Church Commissioners Building - Millbank, London, UK
N 51° 29.846 W 000° 07.552
30U E 699493 N 5709060
This door is attached to the former Church Commissioners building on the west side of Millbank at the junction with Great College Street. The door is in the Millbank side of the building.
Waymark Code: WMNAKF
Location: London, United Kingdom
Date Posted: 02/01/2015
Views: 5
The Church Commissioners have vacated the building that is now used by the House of Lords. The stone carving around the door shows a connection with the church as the carvings show church related coats-of-arms.
The door is made from solid timber and is decorated with symmetrical carvings.
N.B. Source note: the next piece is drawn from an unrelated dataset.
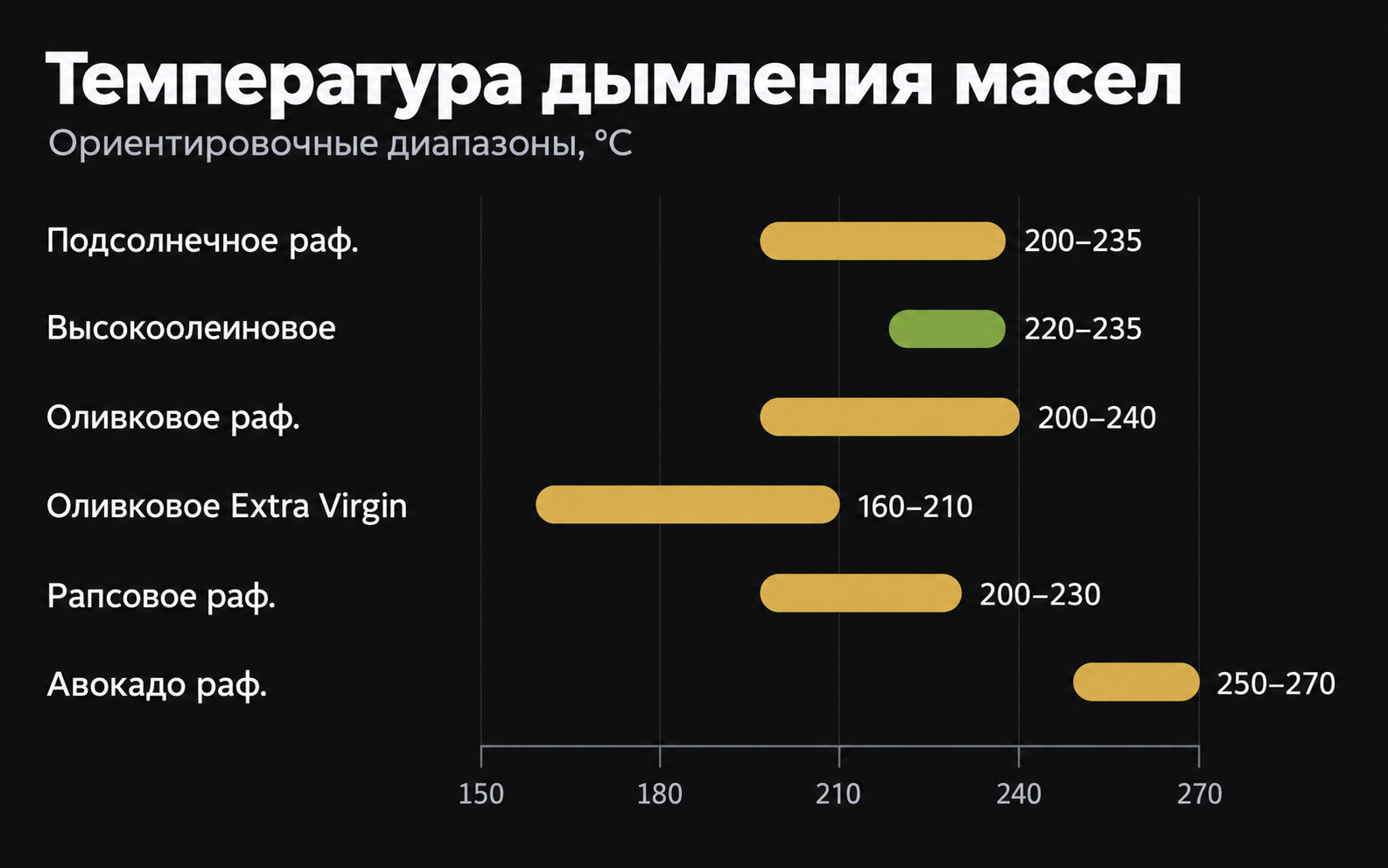 какое масло лучше для жарки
The symmetry is lost where the handle and key hole are located and those items are almost lost in the carvings.
The building is Grade II* listed with the entry at the English Heritage website telling us:
Large island block of offices. 1903 by W.D. Caroe. Red brick with lavish Portland stone dressings, slate roofs. An eclectic yet sophisticated Free Style northern Renaissance design including Renaissance Plateresque motifs, only slightly asymmetrical and with "rational" expression of staircase fenestration, 5 and 6 storeys plus 2 tiers of dormered attics. Close set window ranges and corner "staircase towers". Recessed entrance bays to Millbank and to Little College Street with enriched stone doorcases. Stone dressed sash and mullioned-transomed casements with scrolled pediments on 1st floor. The central range of windows to each front through 1st to 2nd floors are prominently articulated by scrolled buttresses with Plateresque pinnacles. Bowed oriels to outer bays. Arcaded loggias to top floor. Shaped gables in parapet and pyramidal roofed corner towers.